Tuesday, June 1, 2010

Family struggles to return body to U.S. after WWII crash, decades of uncertainty

AVON - The odyssey of World War II B-24 bombardier John C. Kelley is filled with escapes from plane crashes, an agonizing ordeal as a severely burned POW and a 60-plus year mystery surrounding the crash of a plane meant to return his remains to the U.S.

After years of wondering if her uncle’s remains would ever be found and returned home, Sue Krall has hope she and other family members may finally be able to bring a measure of peace and closure - especially for Kelley’s 90-year-old sister in Arkansas.

“That’s why we’re pushing so hard to bring him home before she passes,” Sue Krall said. “For 63 years, no one knew what happened to this plane. It’s still such a miracle to me it was found. Now I feel like we’re close to making this happen.”

An Avon resident, Krall, 59, supervises mechanics at the Russia Road garage of the Lorain County Engineer’s Office.

The C-47 that carried the remains of Kelley and 38 other Japanese POWs who died near Rangoon, Burma, during the war was finally found by an Arizona businessman in November near the India-Bangladesh border.

Plagued by bad weather, the plane crashed in 1946 on its way to Calcutta. Numerous search efforts over the years failed to find it.

Remains of the POWs, along with the crew and passengers, were buried in a village cemetery where a local tribe, most of whom had converted to Christianity, held memorial services each year.

“I’ve tried to find family members of all 50 people on that plane,” Krall said. “Many people still aren’t aware it’s been found.”

Her “cold calls” have led to people - and friendships - in California, Iowa and Maine.

“I heard from the family of the pilot.
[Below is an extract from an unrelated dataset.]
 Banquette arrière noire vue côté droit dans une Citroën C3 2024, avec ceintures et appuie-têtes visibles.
It gives you a chill,” Krall said. “We’ve become good friends from exchanging so much information by e-mail and phone calls.”

The discovery of the long-missing C-47 is spurring Krall and other relatives in nine states even more to convince government officials to mount a recovery effort, which can take years to occur. Recovery missions must be preceded by exploratory trips to locate remains, Krall said.
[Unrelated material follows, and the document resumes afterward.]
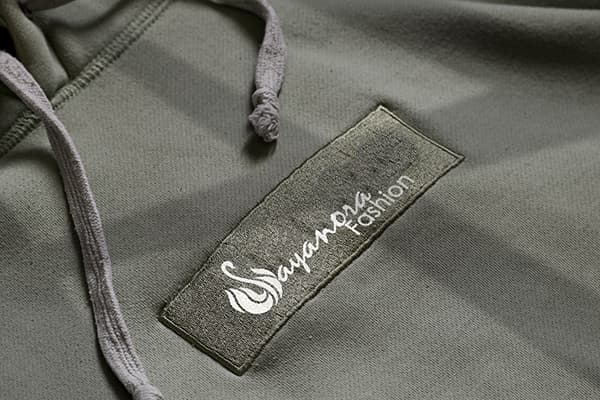 Sayanora Fashions logo on a shirt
“We’re going to contact all of our congressmen and senators. They spin the wheel,” she said. “If we don’t start pushing, this could end up sitting on a pile of cases for years. The squeaky wheel gets the grease, and we’re squeaking as loud as we can.”
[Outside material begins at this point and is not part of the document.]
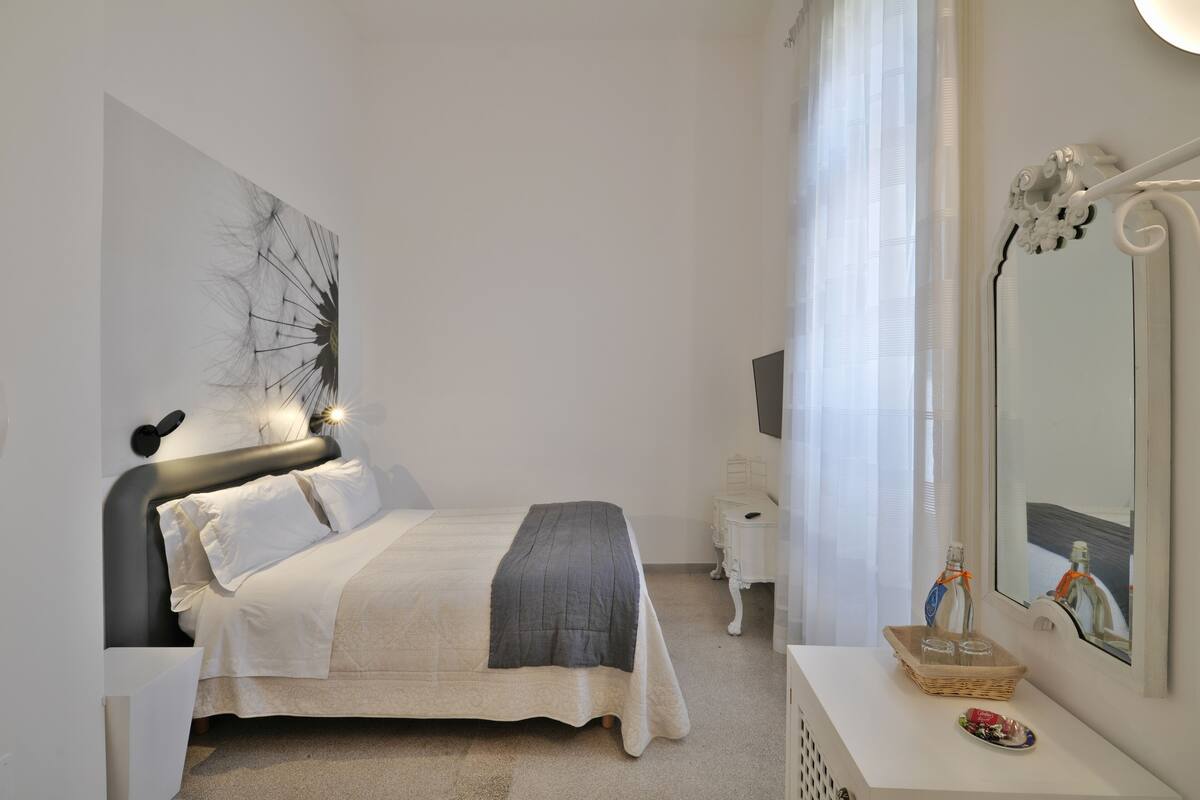 A neatly arranged bedroom with a bed, bedside table, and a large mirror.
The family has even submitted DNA from Kelley’s lone surviving sister, Jeanette Graham Seaton, in hopes it will eventually aid the process of identifying Kelley’s remains.

A Garland, Tenn., native, Kelley survived the crash of a bomber behind enemy lines on the Gold Coast of Africa less than a year before the crash that led to his death.

Parachuting from his B-24, “he rolled up his parachute and walked right past Italian soldiers, hoping they’d think he was a clothes salesman,” Krall said.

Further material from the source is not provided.